__WHAT TO DO__: Your answer must be an exact copy of the entries below, with no pictures in it.

═══ SOURCE RECORDS

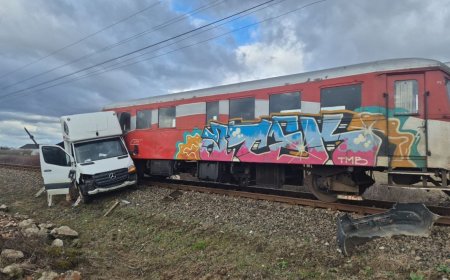 AUTOCAMIONETĂ LOVITĂ DE UN AUTOMOTOR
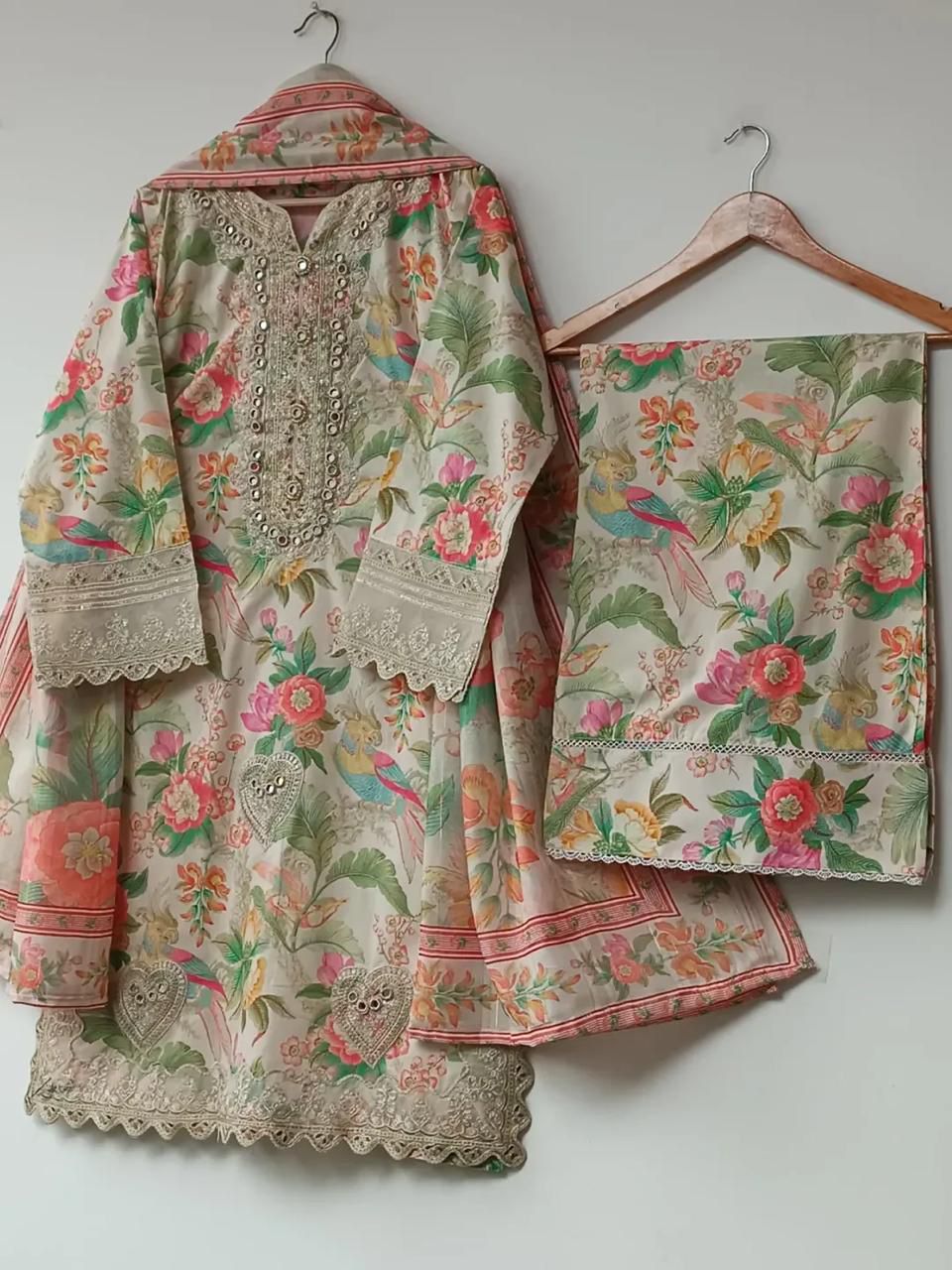 “Basma” (Beige)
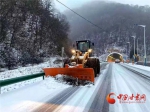 千里陇原雪纷飞 甘肃公路人除雪忙 - 中国甘肃网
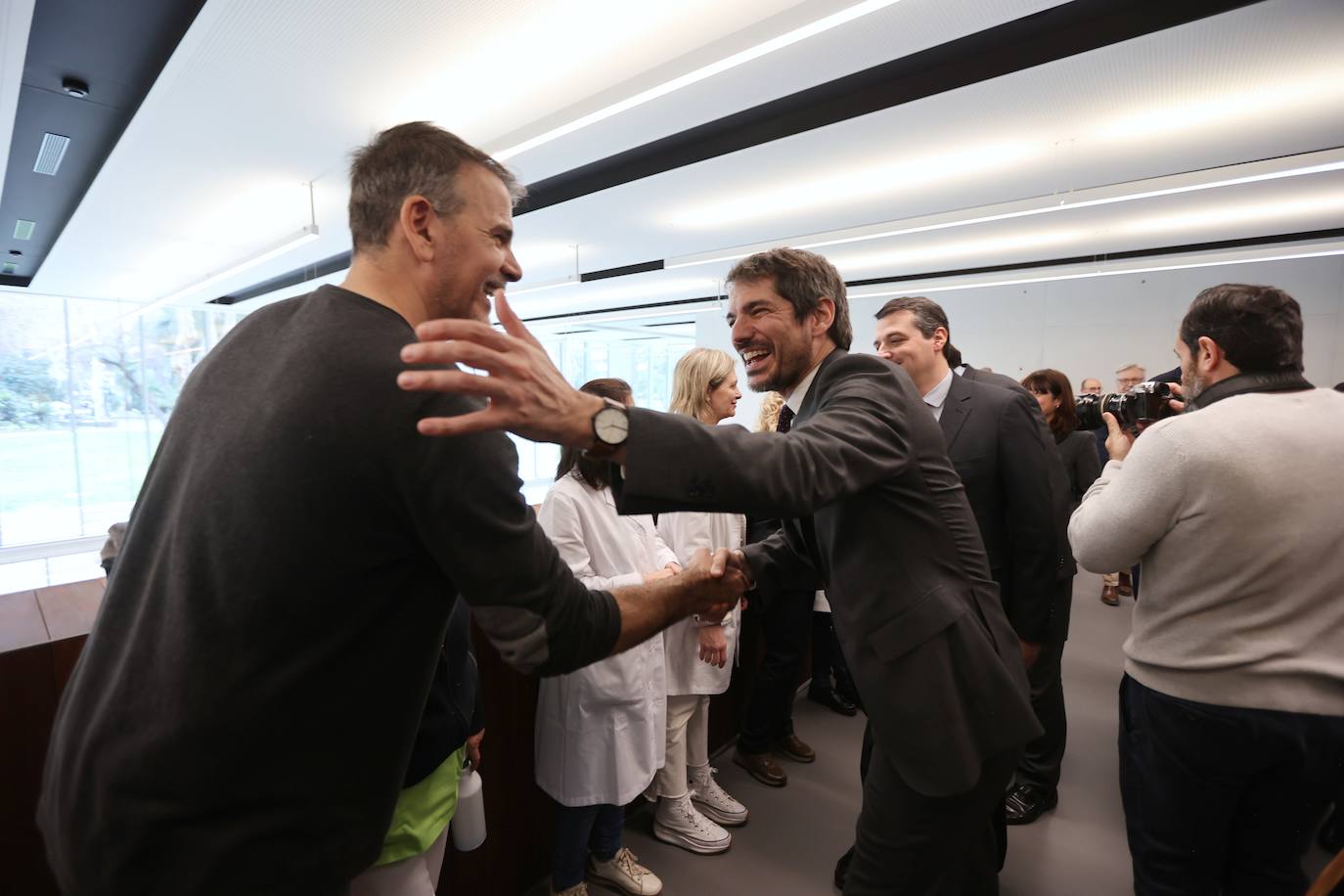 Fotos: la inauguración de la imponente Biblioteca Grupo Cántico de Córdoba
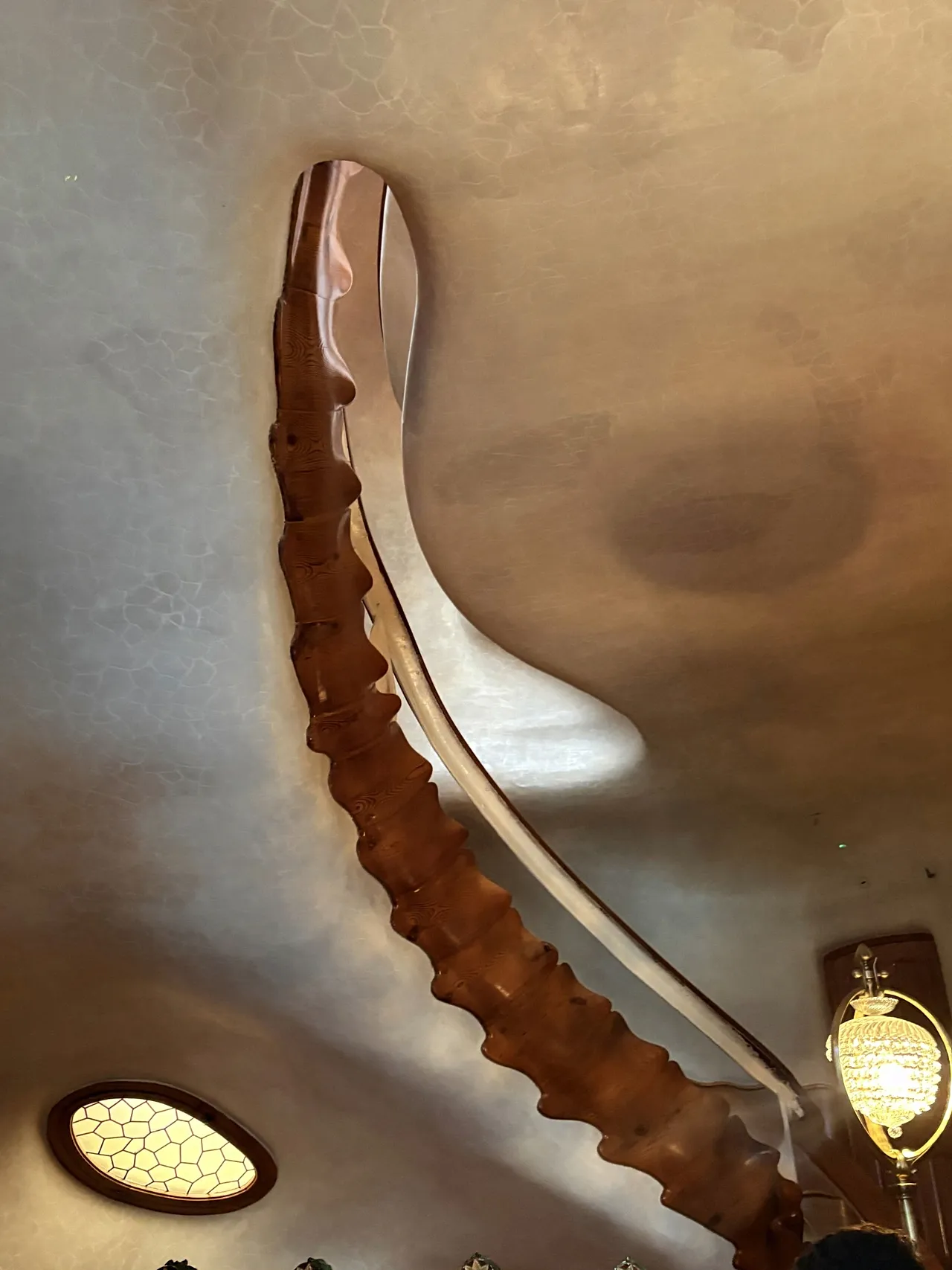 Escalier incurvé et plafond de la Casa Batllo, Barcelone, Catalogne, Espagne, 2026.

══════

__SOLUTION FOR THIS PROBLEM__:
 AUTOCAMIONETĂ LOVITĂ DE UN AUTOMOTOR
 “Basma” (Beige)
 千里陇原雪纷飞 甘肃公路人除雪忙 - 中国甘肃网
 Fotos: la inauguración de la imponente Biblioteca Grupo Cántico de Córdoba
 Escalier incurvé et plafond de la Casa Batllo, Barcelone, Catalogne, Espagne, 2026.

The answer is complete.